> [Your instructions]: Restate the material below word for word, from its first line to its last.

> [Data to use]:

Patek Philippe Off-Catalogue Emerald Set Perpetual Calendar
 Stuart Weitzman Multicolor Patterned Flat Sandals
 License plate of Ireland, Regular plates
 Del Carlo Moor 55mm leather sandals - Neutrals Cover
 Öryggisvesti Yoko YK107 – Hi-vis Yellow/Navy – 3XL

> [Answer space]:
Patek Philippe Off-Catalogue Emerald Set Perpetual Calendar
 Stuart Weitzman Multicolor Patterned Flat Sandals
 License plate of Ireland, Regular plates
 Del Carlo Moor 55mm leather sandals - Neutrals Cover
 Öryggisvesti Yoko YK107 – Hi-vis Yellow/Navy – 3XL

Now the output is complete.